Configuring NAT Interfaces

Once NAT interfaces have been added, they can also be configured through their properties window. Keep in mind that the interface designated as private has a different set of property tabs than the public interface.

Configuring the Public Interface

As shown in Figure 8.10, the properties window for the public connection has three property sheets. From the General tab you can enable an interface as private or public.

Unlike ICS, NAT supports multiple public IP addresses. If you have been assigned only a single IP address from the ISP, nothing needs to be configured. If you have been allocated multiple IP addresses, the public interface must be configured with the range assigned by the ISP. Using the Address Pool tab shown in Figure 8.14, you can identify the range of addresses allocated to the NAT server.

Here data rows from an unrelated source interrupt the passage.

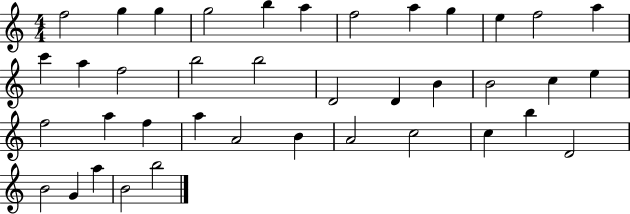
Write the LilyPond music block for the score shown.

{
  \clef treble
  \numericTimeSignature
  \time 4/4
  \key c \major
  f''2 g''4 g''4 | g''2 b''4 a''4 | f''2 a''4 g''4 | e''4 f''2 a''4 | \break c'''4 a''4 f''2 | b''2 b''2 | d'2 d'4 b'4 | b'2 c''4 e''4 | \break f''2 a''4 f''4 | a''4 a'2 b'4 | a'2 c''2 | c''4 b''4 d'2 | \break b'2 g'4 a''4 | b'2 b''2 | \bar "|."
}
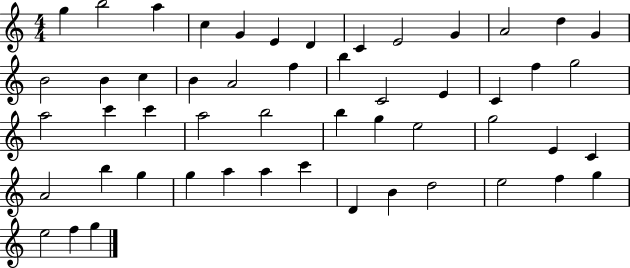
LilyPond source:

{
  \clef treble
  \numericTimeSignature
  \time 4/4
  \key c \major
  g''4 b''2 a''4 | c''4 g'4 e'4 d'4 | c'4 e'2 g'4 | a'2 d''4 g'4 | \break b'2 b'4 c''4 | b'4 a'2 f''4 | b''4 c'2 e'4 | c'4 f''4 g''2 | \break a''2 c'''4 c'''4 | a''2 b''2 | b''4 g''4 e''2 | g''2 e'4 c'4 | \break a'2 b''4 g''4 | g''4 a''4 a''4 c'''4 | d'4 b'4 d''2 | e''2 f''4 g''4 | \break e''2 f''4 g''4 | \bar "|."
}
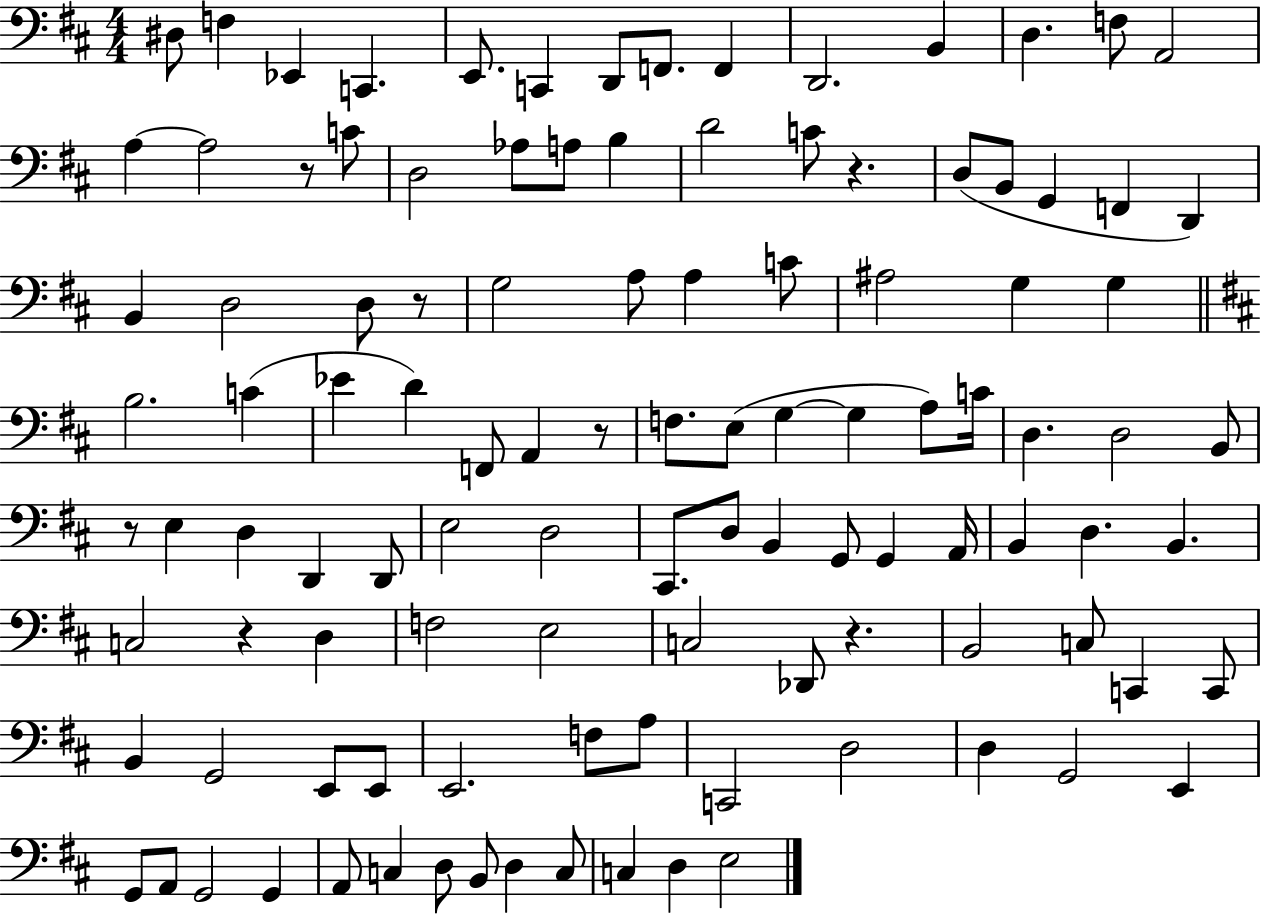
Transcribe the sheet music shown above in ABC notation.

X:1
T:Untitled
M:4/4
L:1/4
K:D
^D,/2 F, _E,, C,, E,,/2 C,, D,,/2 F,,/2 F,, D,,2 B,, D, F,/2 A,,2 A, A,2 z/2 C/2 D,2 _A,/2 A,/2 B, D2 C/2 z D,/2 B,,/2 G,, F,, D,, B,, D,2 D,/2 z/2 G,2 A,/2 A, C/2 ^A,2 G, G, B,2 C _E D F,,/2 A,, z/2 F,/2 E,/2 G, G, A,/2 C/4 D, D,2 B,,/2 z/2 E, D, D,, D,,/2 E,2 D,2 ^C,,/2 D,/2 B,, G,,/2 G,, A,,/4 B,, D, B,, C,2 z D, F,2 E,2 C,2 _D,,/2 z B,,2 C,/2 C,, C,,/2 B,, G,,2 E,,/2 E,,/2 E,,2 F,/2 A,/2 C,,2 D,2 D, G,,2 E,, G,,/2 A,,/2 G,,2 G,, A,,/2 C, D,/2 B,,/2 D, C,/2 C, D, E,2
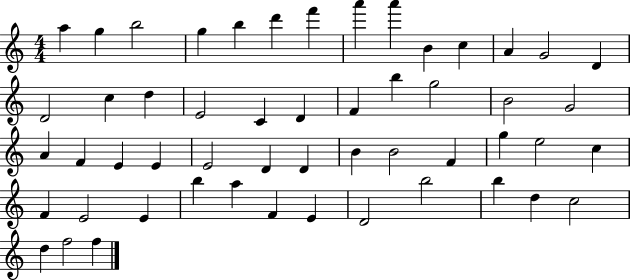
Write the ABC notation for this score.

X:1
T:Untitled
M:4/4
L:1/4
K:C
a g b2 g b d' f' a' a' B c A G2 D D2 c d E2 C D F b g2 B2 G2 A F E E E2 D D B B2 F g e2 c F E2 E b a F E D2 b2 b d c2 d f2 f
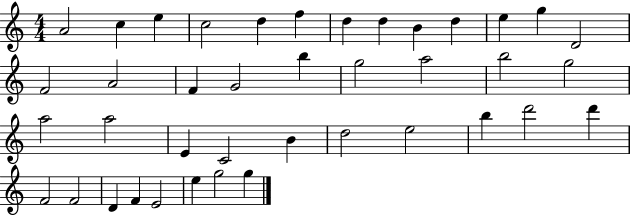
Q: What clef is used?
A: treble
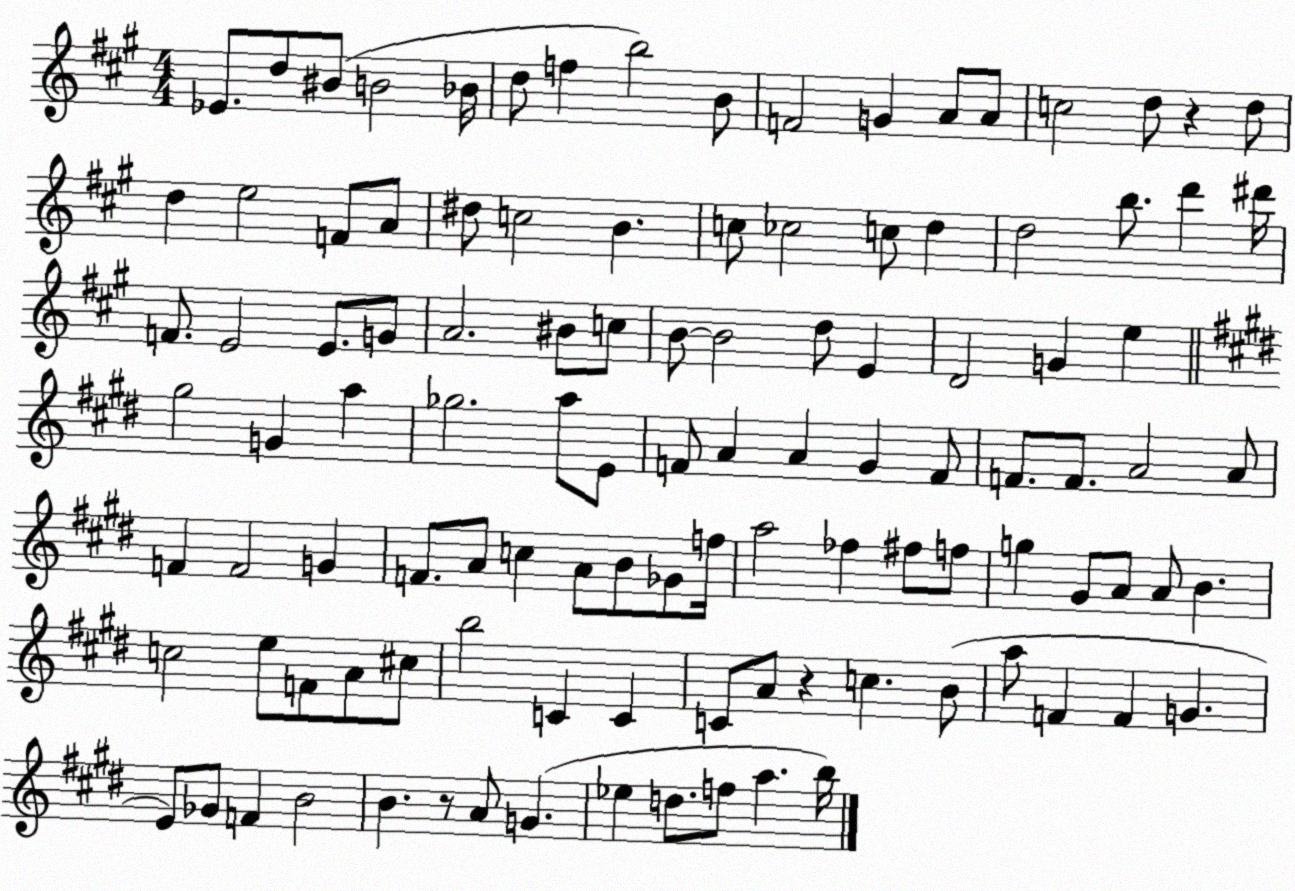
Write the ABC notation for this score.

X:1
T:Untitled
M:4/4
L:1/4
K:A
_E/2 d/2 ^B/2 B2 _B/4 d/2 f b2 B/2 F2 G A/2 A/2 c2 d/2 z d/2 d e2 F/2 A/2 ^d/2 c2 B c/2 _c2 c/2 d d2 b/2 d' ^d'/4 F/2 E2 E/2 G/2 A2 ^B/2 c/2 B/2 B2 d/2 E D2 G e ^g2 G a _g2 a/2 E/2 F/2 A A ^G F/2 F/2 F/2 A2 A/2 F F2 G F/2 A/2 c A/2 B/2 _G/2 f/4 a2 _f ^f/2 f/2 g ^G/2 A/2 A/2 B c2 e/2 F/2 A/2 ^c/2 b2 C C C/2 A/2 z c B/2 a/2 F F G E/2 _G/2 F B2 B z/2 A/2 G _e d/2 f/2 a b/4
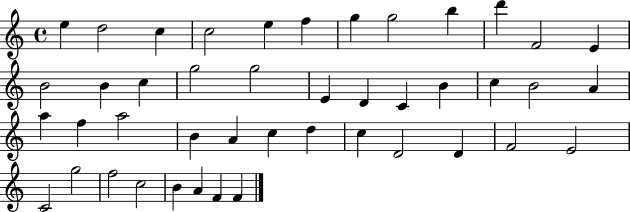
E5/q D5/h C5/q C5/h E5/q F5/q G5/q G5/h B5/q D6/q F4/h E4/q B4/h B4/q C5/q G5/h G5/h E4/q D4/q C4/q B4/q C5/q B4/h A4/q A5/q F5/q A5/h B4/q A4/q C5/q D5/q C5/q D4/h D4/q F4/h E4/h C4/h G5/h F5/h C5/h B4/q A4/q F4/q F4/q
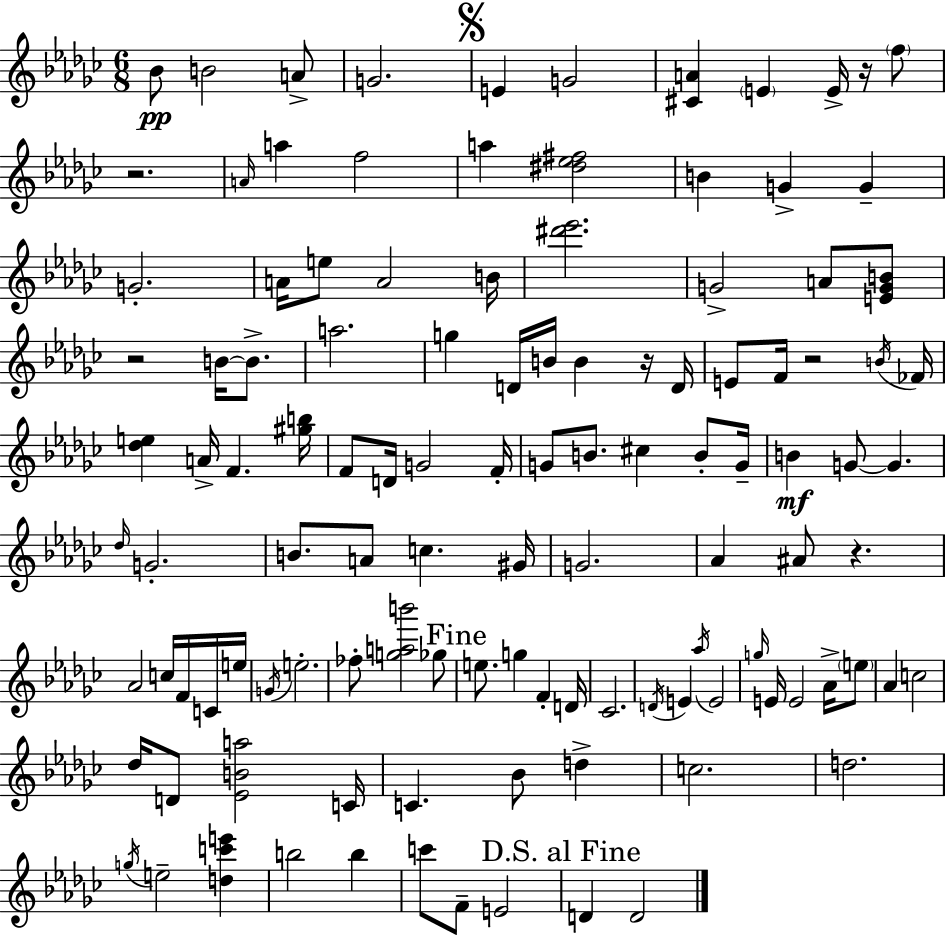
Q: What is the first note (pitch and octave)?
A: Bb4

In some cases, you may need to reserve one of the IP addresses from the public address pool for an internal computer. Clicking on the Reservations button (refer to Figure 8.14), brings up the Add Reservation window, as shown in Figure 8.15. From this window, you can map a public IP address to an internal computer. If the computer needs to be accessible to Internet users, select the option to Allow Incoming Sessions to the Address; for example, if there is a Web server on the local area network that needs to be accessible to users on the Internet.

Configuring Inbound Traffic

NAT is normally used to allow internal clients access to external resources. Once NAT is configured, clients can use their Web browsers, such as Internet Explorer, and email programs, such as Outlook Express, to create connections with external computers. Inbound traffic is accepted on the external interface as long as an internal client initiated the traffic. This is the default behavior of NAT.

However, there may be instances in which you want to make internal resources available to users on the Internet; for example, if you are running Web or FTP services on the local area network. For inbound connections to be permitted, you configure the computer on the local area network that will be made accessible to Internet users with a static IP address. Make sure that the IP address is excluded from the range being assigned by the DHCP server to avoid address conflicts.

Once the computer has been assigned a static IP address, you can use the Special Ports tab, shown in Figure 8.16, to create a static mapping.

The static mapping will map a public IP address and port number to the private IP address and port number of the internal computer. Click the Add button to designate which IP address and port number any traffic received on the public interface (or a specific IP address) should be routed to (see Figure 8.17). The incoming port identifies the port number for incoming traffic. The private address and outgoing port fields identify the private IP address of the internal computer and the port number to which traffic should be sent.

Before Internet clients can access resources on the local area network, you must assign a static IP address to the internal client and configure a special port mapping.